▶ DATA SHOWN

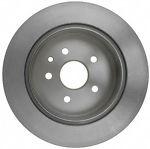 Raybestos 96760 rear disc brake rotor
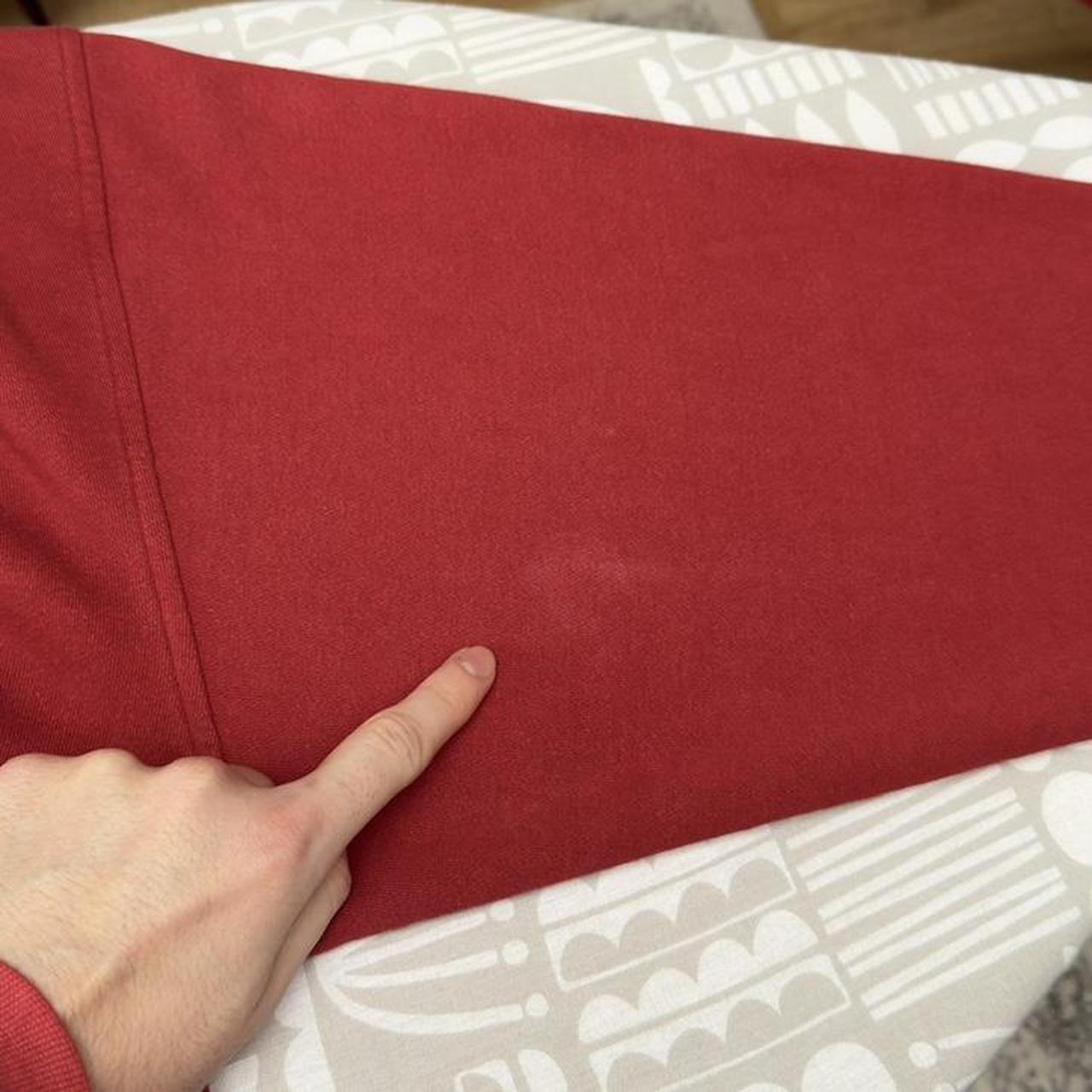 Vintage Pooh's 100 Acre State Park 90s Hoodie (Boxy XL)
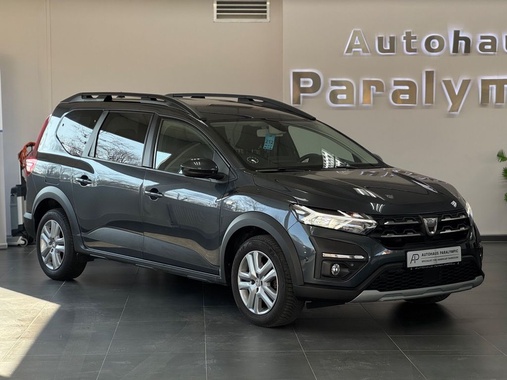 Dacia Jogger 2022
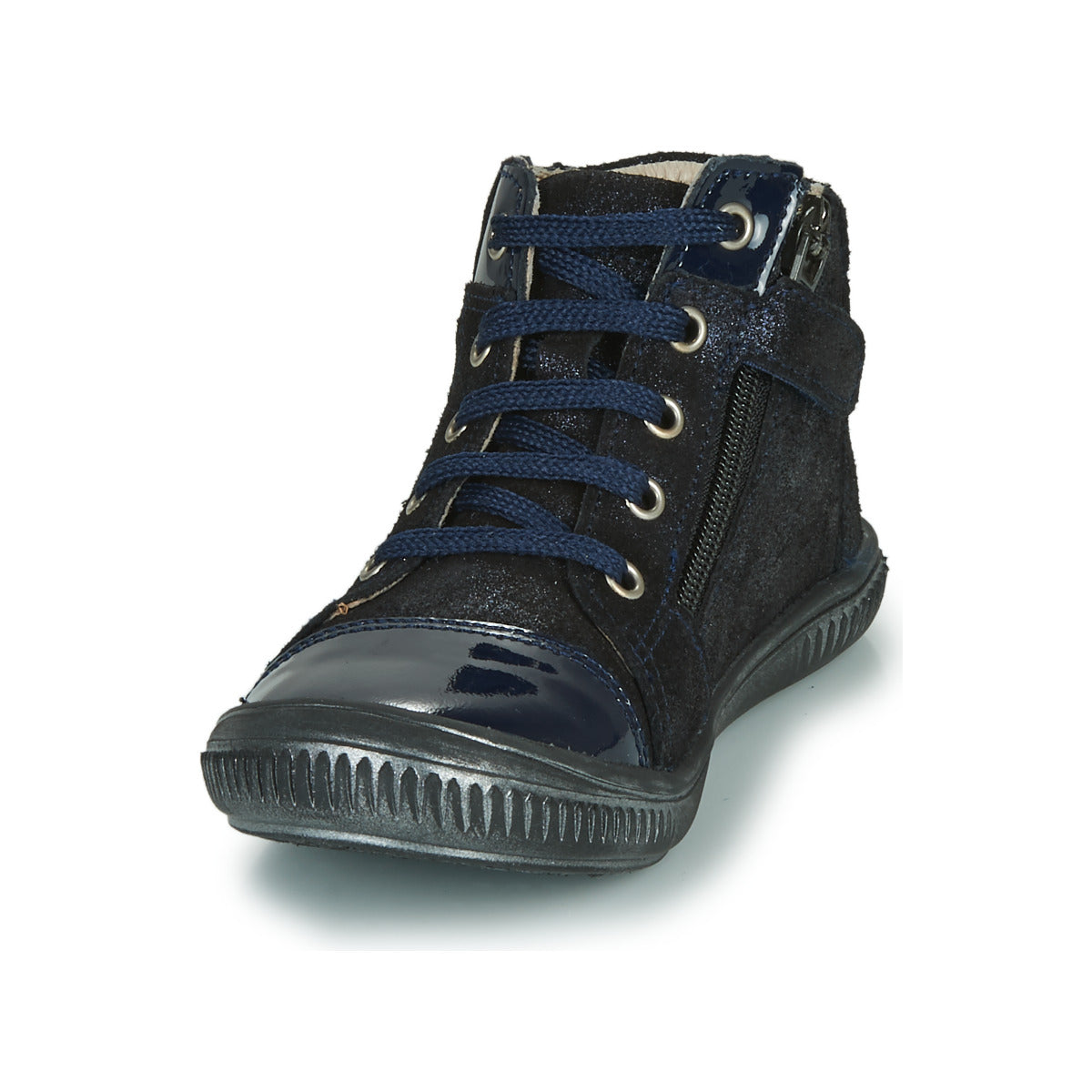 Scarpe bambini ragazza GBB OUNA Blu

▶ TASK DETAILS
The response should reproduce all the material above exactly and leave out its pictures.

▶ COMPLETED EXERCISE
 Raybestos 96760 rear disc brake rotor
 Vintage Pooh's 100 Acre State Park 90s Hoodie (Boxy XL)
 Dacia Jogger 2022
 Scarpe bambini ragazza GBB OUNA Blu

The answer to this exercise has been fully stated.